◆ **Task statement**:
Transcribe the entries that follow exactly as they appear, minus pictures.
<<<<
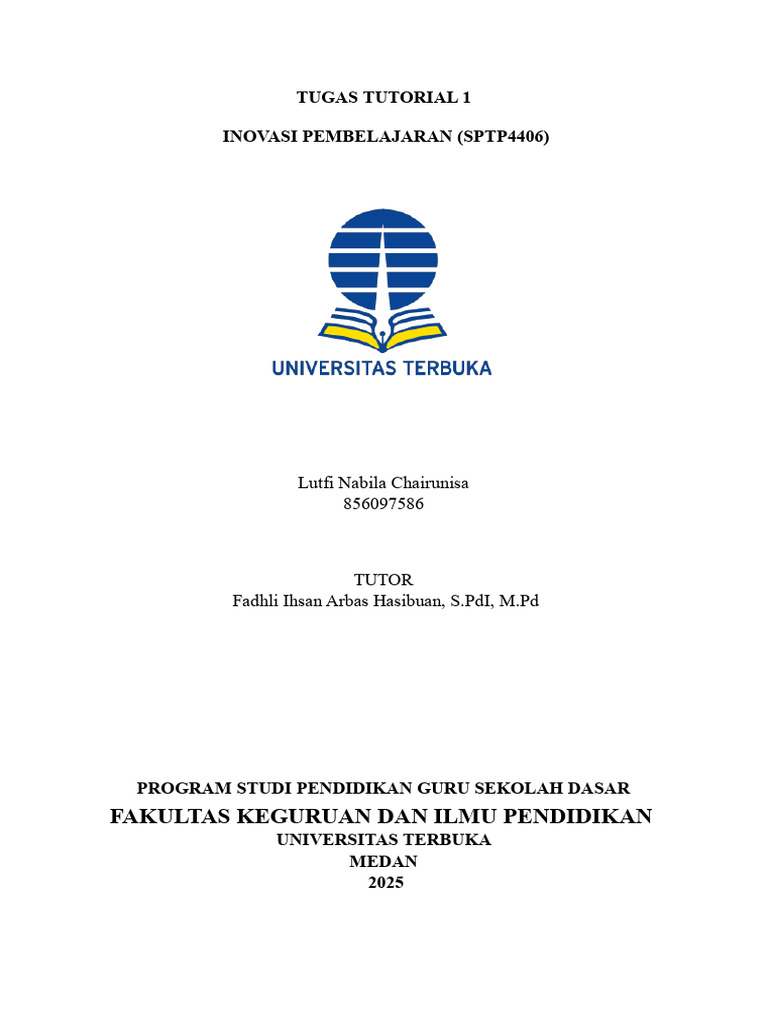 Inovasi Pembelajaran di Sekolah Dasar | PDF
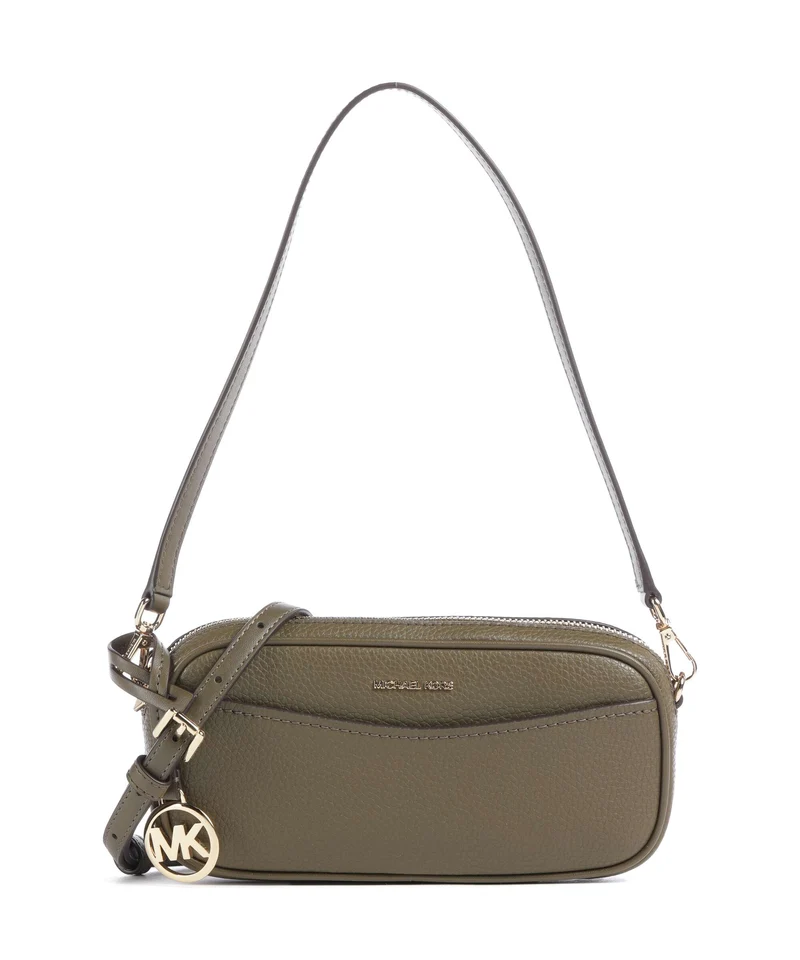Michael Kors May Small Axelremsväska loden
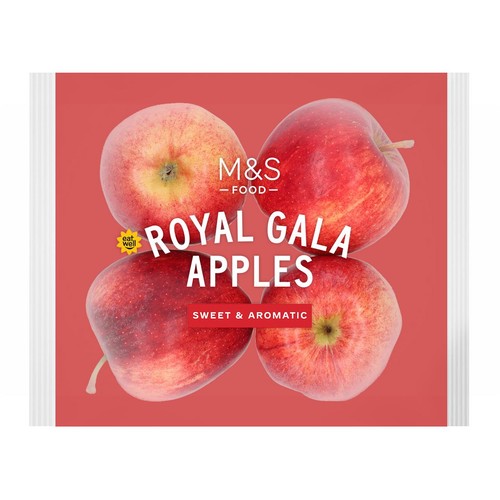M&S Tree Ripened British Royal Gala Apples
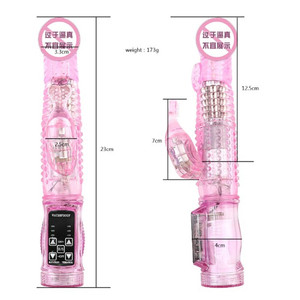 Hochwertiger 10-Gang Rampant Thrust ing Rabbit Vibrator - Product Image 3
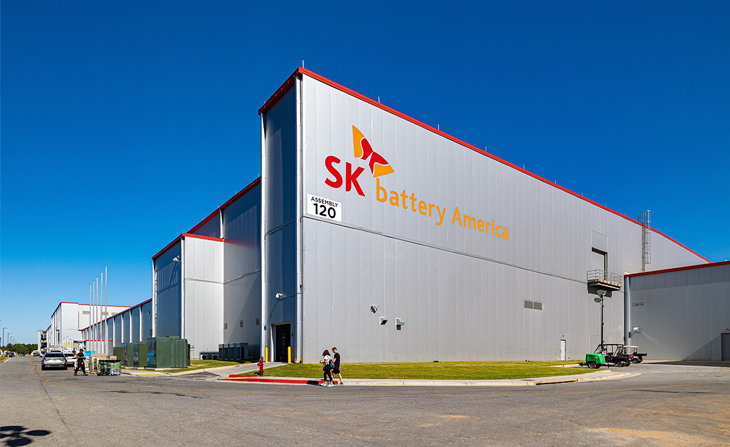 SK On, batteries LFP, BESS, stockage d’énergie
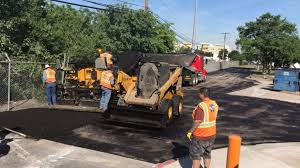 Recycled Asphalt Driveway Installation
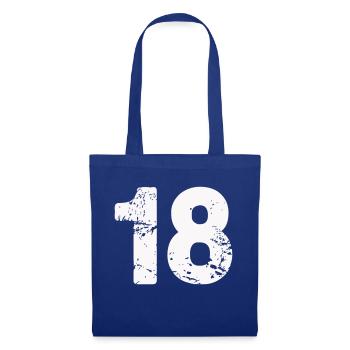 18 - Tote Bag - royal blue - Front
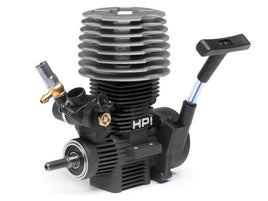HPI Racing - Nitro Star T3.0 Engine, w/ Pullstart, 6.5mm Rotary Carb, Standard Shaft, Side Exhaust - Hobby Recreation Products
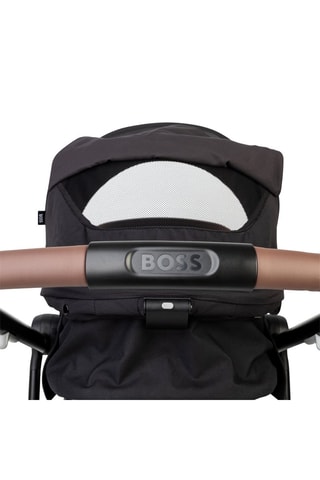 Poussette compacte convertible - Noir - Dès 0 à 4 ans - Jusqu'à 10 kg - Boss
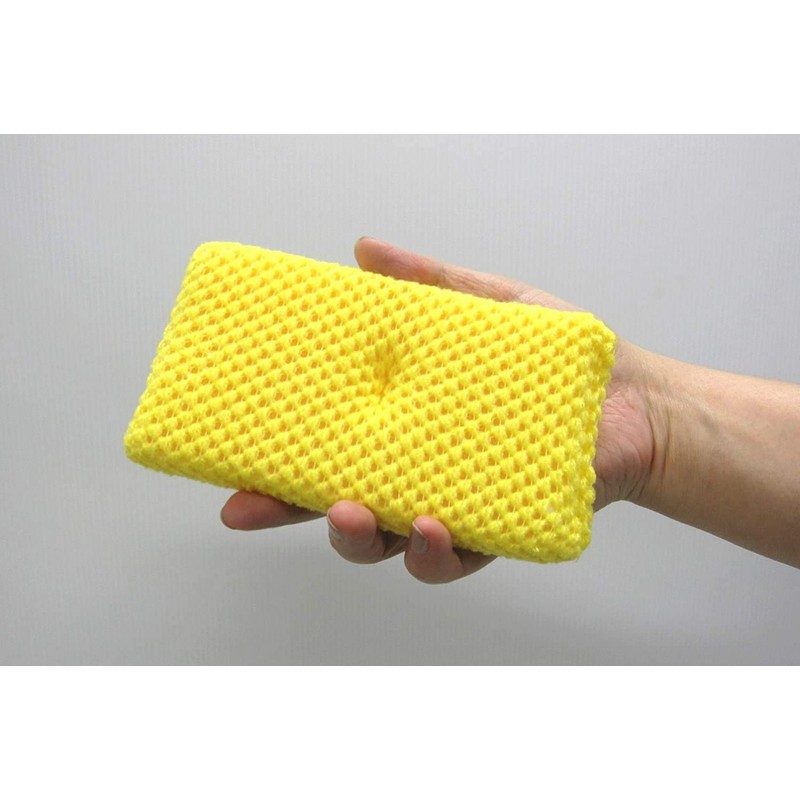 OE Clean Keeping Acrylic Net Sponge, Pack of 2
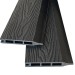 Заборная панель шип-паз EasyDecking Wood-Х 146х20 Черное дерево купить в Подольске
>>>>
◆ **Task response**:
 Inovasi Pembelajaran di Sekolah Dasar | PDF
Michael Kors May Small Axelremsväska loden
M&S Tree Ripened British Royal Gala Apples
 Hochwertiger 10-Gang Rampant Thrust ing Rabbit Vibrator - Product Image 3
 SK On, batteries LFP, BESS, stockage d’énergie
 Recycled Asphalt Driveway Installation
 18 - Tote Bag - royal blue - Front
HPI Racing - Nitro Star T3.0 Engine, w/ Pullstart, 6.5mm Rotary Carb, Standard Shaft, Side Exhaust - Hobby Recreation Products
 Poussette compacte convertible - Noir - Dès 0 à 4 ans - Jusqu'à 10 kg - Boss
 OE Clean Keeping Acrylic Net Sponge, Pack of 2
 Заборная панель шип-паз EasyDecking Wood-Х 146х20 Черное дерево купить в Подольске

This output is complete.